_YOUR INSTRUCTIONS_
The answer must be an exact printing of every record below, with the pictures omitted.

::::::

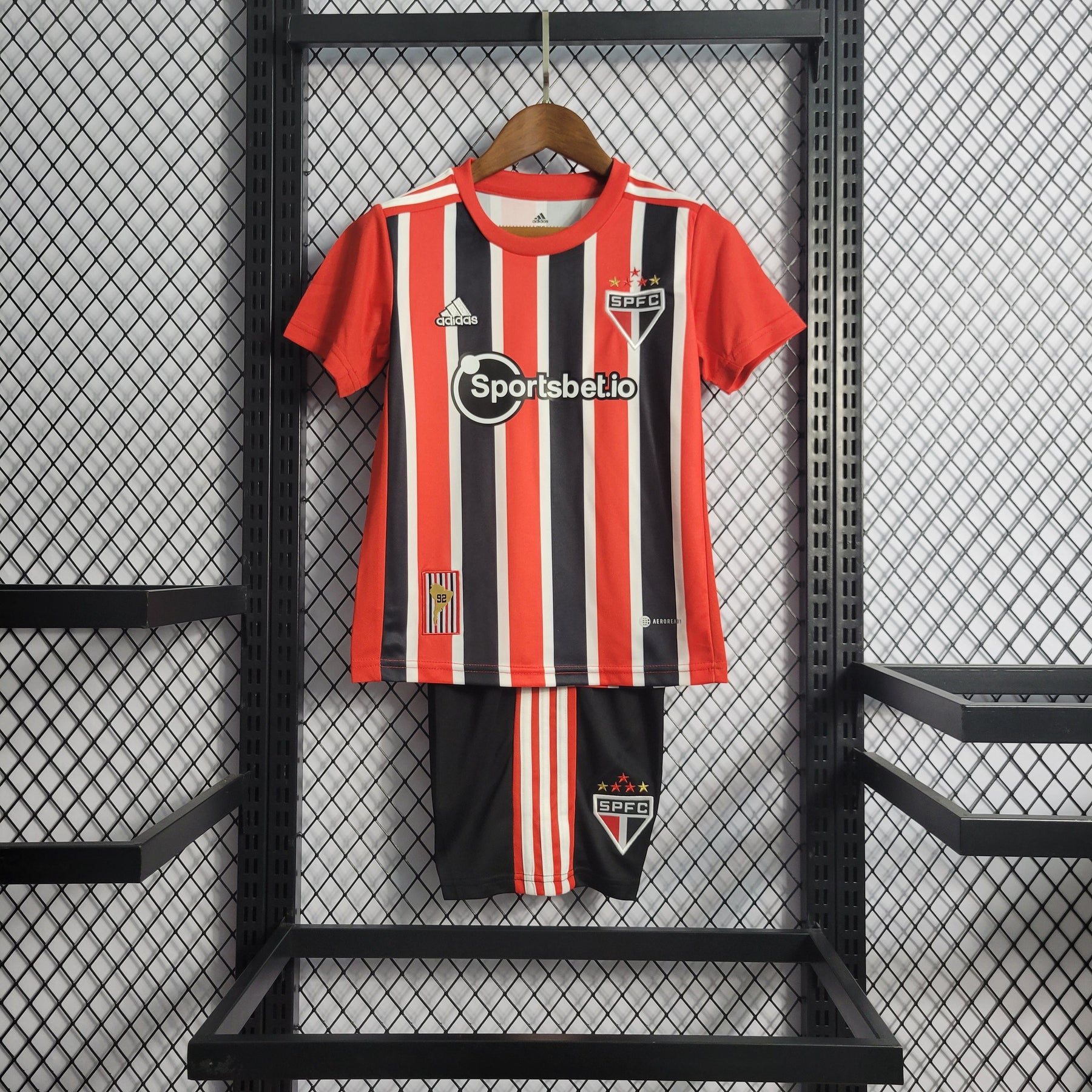 Kit Infantil São Paulo Reserva 22/23 - JM sports 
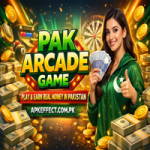 pak arcade Game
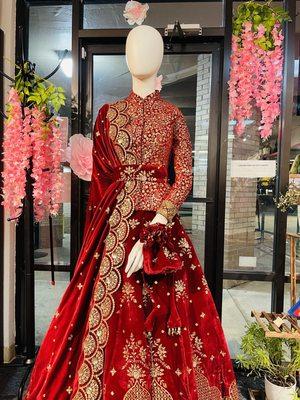 Bridal lehenga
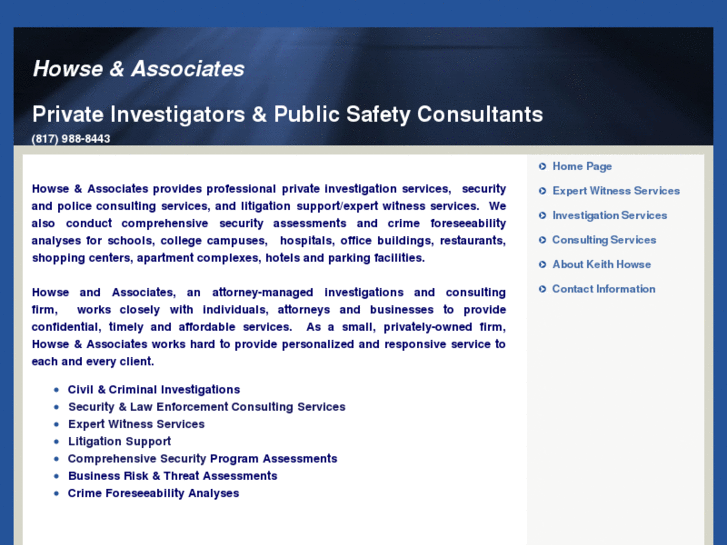 www.keithhowse.com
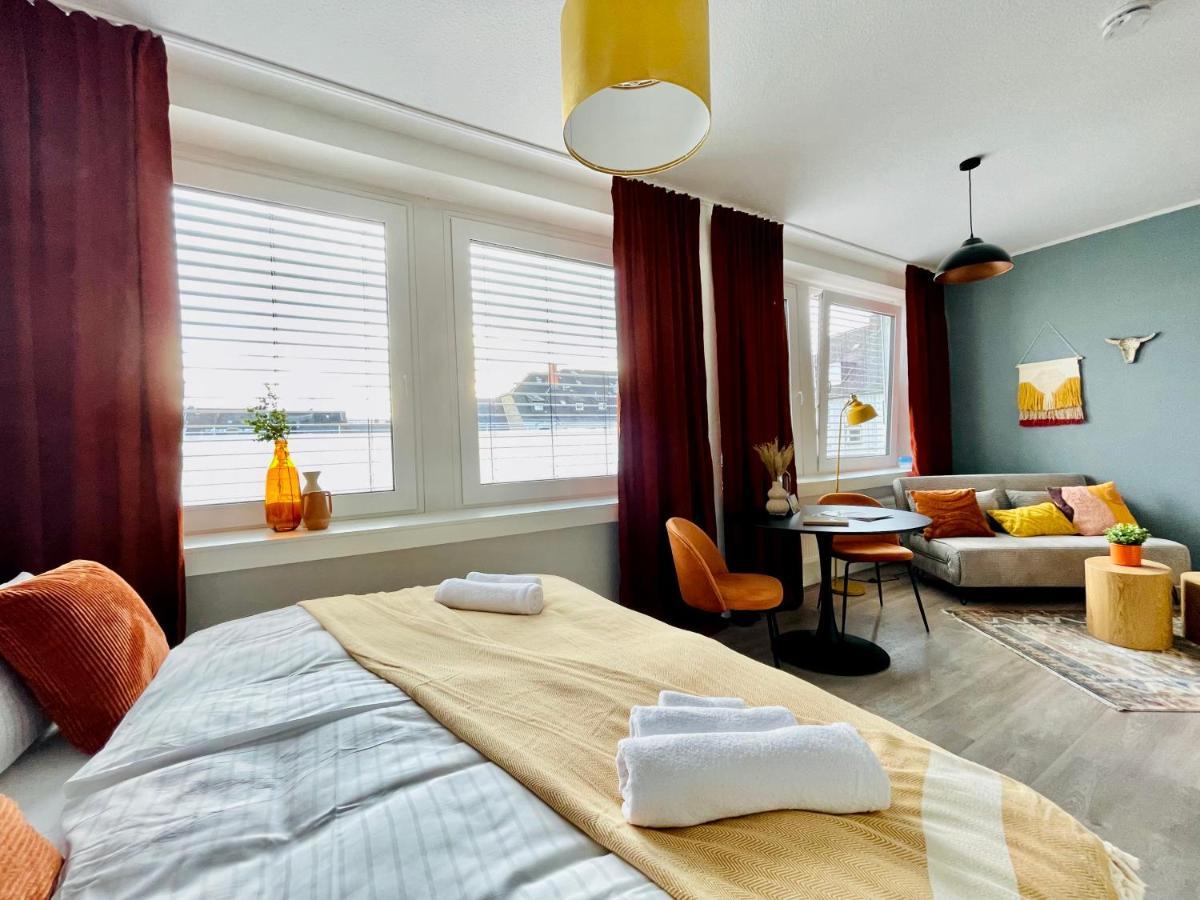 Klassen Stay - Exklusives Apartment Am Hbf - Kueche, Netflix, Kingsizebett Кобленц Экстерьер фото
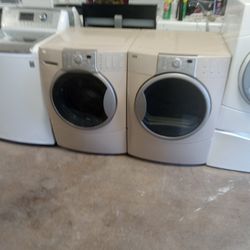 Kenmore H4 Washer And Dryer Front Load Matching Set Comes With A Complete 30-day Warranty Free Delivery Vancouver Area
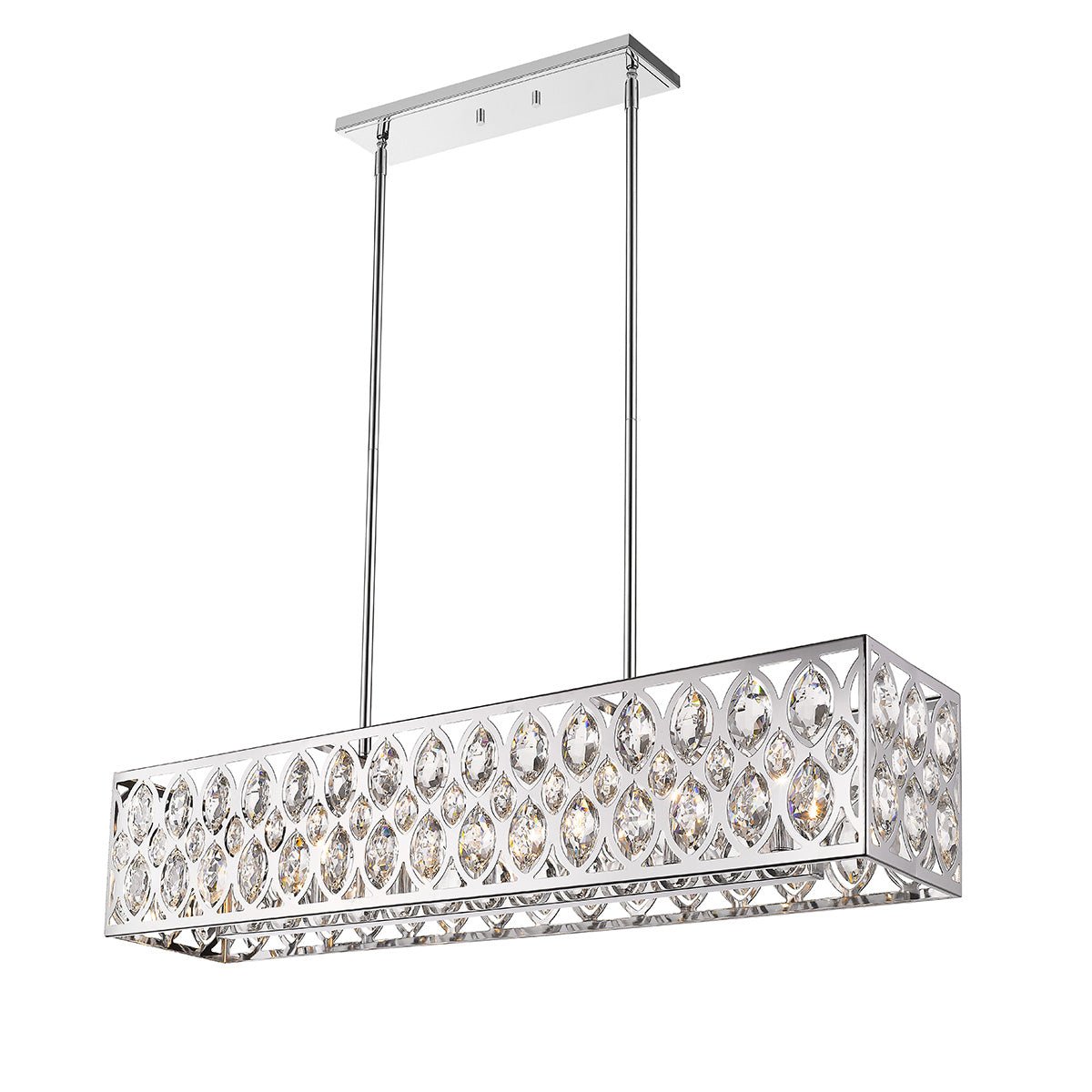 Chandelier linéaire Dealey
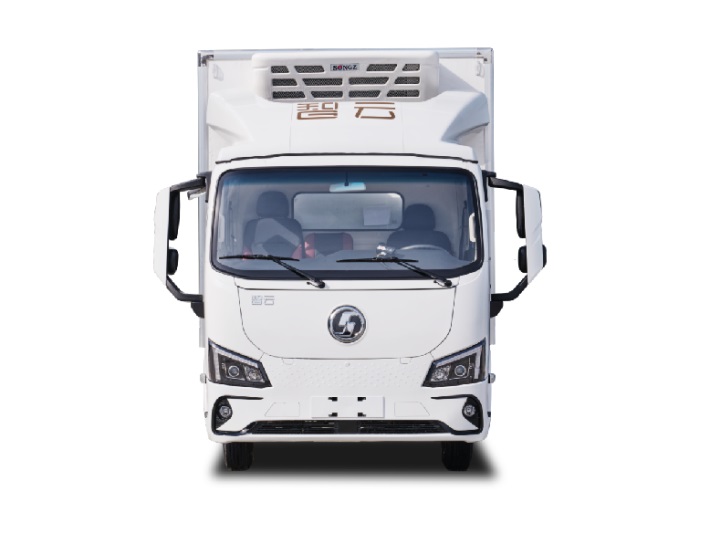 陕汽智云纯电动冷藏车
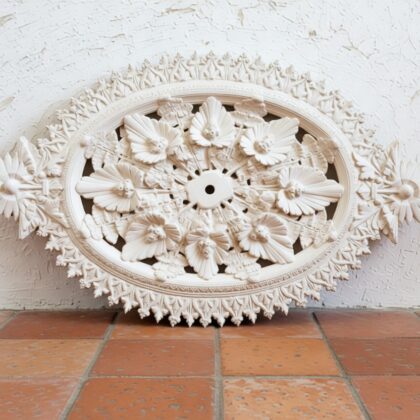 Ceiling Rose 1011 –  Oval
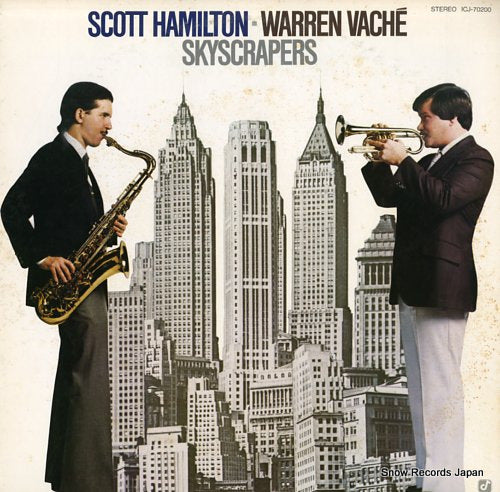 HAMILTON, SCOTT, AND WARREN VACHE skyscrapers ICJ-70200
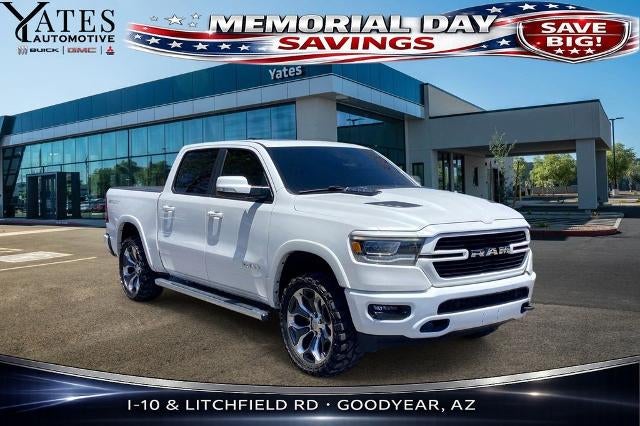 2020 RAM 1500 Laramie 4x4 Crew Cab 5'7's photo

::::::

_RESPONSE TO THE EXERCISE_
 Kit Infantil São Paulo Reserva 22/23 - JM sports 
 pak arcade Game
 Bridal lehenga
 www.keithhowse.com
 Klassen Stay - Exklusives Apartment Am Hbf - Kueche, Netflix, Kingsizebett Кобленц Экстерьер фото
 Kenmore H4 Washer And Dryer Front Load Matching Set Comes With A Complete 30-day Warranty Free Delivery Vancouver Area
 Chandelier linéaire Dealey
 陕汽智云纯电动冷藏车
 Ceiling Rose 1011 –  Oval
 HAMILTON, SCOTT, AND WARREN VACHE skyscrapers ICJ-70200
 2020 RAM 1500 Laramie 4x4 Crew Cab 5'7's photo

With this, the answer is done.